*Exercise brief*
Omit all pictures. Quote the lines from the one with "圧延の海の3匹の恐竜の頭部。 曇った青空 マウスパッド (コーナー)" through the end of the listing below, exactly as they appear.

*Dataset extract*
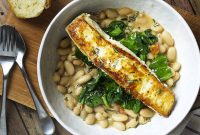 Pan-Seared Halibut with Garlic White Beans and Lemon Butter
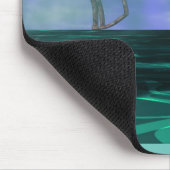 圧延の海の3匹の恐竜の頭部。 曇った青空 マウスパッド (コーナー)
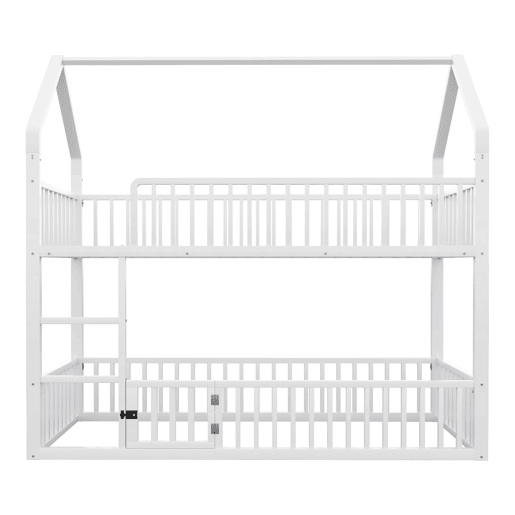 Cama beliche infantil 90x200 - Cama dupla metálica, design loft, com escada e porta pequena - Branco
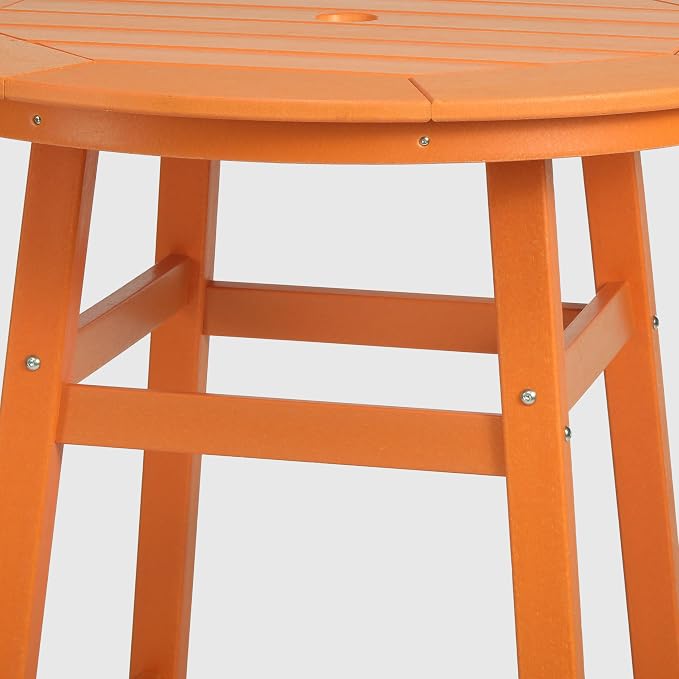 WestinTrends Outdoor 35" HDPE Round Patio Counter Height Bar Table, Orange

*Solution for this task*
 圧延の海の3匹の恐竜の頭部。 曇った青空 マウスパッド (コーナー)
 Cama beliche infantil 90x200 - Cama dupla metálica, design loft, com escada e porta pequena - Branco
 WestinTrends Outdoor 35" HDPE Round Patio Counter Height Bar Table, Orange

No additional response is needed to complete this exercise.